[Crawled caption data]
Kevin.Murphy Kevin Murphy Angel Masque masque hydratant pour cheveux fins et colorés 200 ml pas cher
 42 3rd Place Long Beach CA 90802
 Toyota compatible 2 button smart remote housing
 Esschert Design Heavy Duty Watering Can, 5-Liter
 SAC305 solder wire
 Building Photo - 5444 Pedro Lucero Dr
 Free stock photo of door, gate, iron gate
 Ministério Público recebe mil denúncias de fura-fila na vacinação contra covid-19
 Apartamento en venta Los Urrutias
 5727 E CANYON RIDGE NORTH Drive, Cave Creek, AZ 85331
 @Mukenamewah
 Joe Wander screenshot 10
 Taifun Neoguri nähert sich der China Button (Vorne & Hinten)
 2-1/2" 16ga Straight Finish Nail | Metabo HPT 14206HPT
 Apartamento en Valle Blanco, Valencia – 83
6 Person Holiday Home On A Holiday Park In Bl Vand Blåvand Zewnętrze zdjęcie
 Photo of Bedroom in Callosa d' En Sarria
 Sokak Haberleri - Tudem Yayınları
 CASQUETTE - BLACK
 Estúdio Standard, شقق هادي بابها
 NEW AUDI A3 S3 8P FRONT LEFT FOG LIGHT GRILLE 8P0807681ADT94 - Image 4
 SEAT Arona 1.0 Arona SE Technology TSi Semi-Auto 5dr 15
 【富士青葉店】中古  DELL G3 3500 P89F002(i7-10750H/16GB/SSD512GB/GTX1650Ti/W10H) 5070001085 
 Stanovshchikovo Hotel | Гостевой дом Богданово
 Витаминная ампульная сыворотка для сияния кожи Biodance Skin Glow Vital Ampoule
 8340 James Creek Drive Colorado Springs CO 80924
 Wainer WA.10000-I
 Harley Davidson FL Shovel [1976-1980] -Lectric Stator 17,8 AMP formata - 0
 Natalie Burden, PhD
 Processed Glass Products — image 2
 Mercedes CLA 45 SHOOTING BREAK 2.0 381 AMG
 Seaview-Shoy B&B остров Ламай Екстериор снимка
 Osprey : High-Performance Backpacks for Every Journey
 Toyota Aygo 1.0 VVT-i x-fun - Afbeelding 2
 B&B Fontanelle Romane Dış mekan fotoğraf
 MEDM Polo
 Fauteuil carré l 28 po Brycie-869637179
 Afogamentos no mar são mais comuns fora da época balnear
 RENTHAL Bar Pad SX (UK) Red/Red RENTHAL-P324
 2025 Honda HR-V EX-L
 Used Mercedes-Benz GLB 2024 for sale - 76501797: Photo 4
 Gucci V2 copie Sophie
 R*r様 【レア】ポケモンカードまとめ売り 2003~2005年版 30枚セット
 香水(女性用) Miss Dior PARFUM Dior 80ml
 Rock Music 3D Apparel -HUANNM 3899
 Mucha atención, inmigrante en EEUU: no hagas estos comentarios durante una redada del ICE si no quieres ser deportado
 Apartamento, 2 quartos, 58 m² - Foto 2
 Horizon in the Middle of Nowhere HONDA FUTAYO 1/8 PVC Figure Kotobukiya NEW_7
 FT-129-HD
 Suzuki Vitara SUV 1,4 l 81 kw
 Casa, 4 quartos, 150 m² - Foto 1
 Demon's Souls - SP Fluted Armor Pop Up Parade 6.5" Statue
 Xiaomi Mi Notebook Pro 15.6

Work instruction: Looking at the records above, how many of their lines carry the string "Creek"? Answer with the number and nothing else.

Reply: 2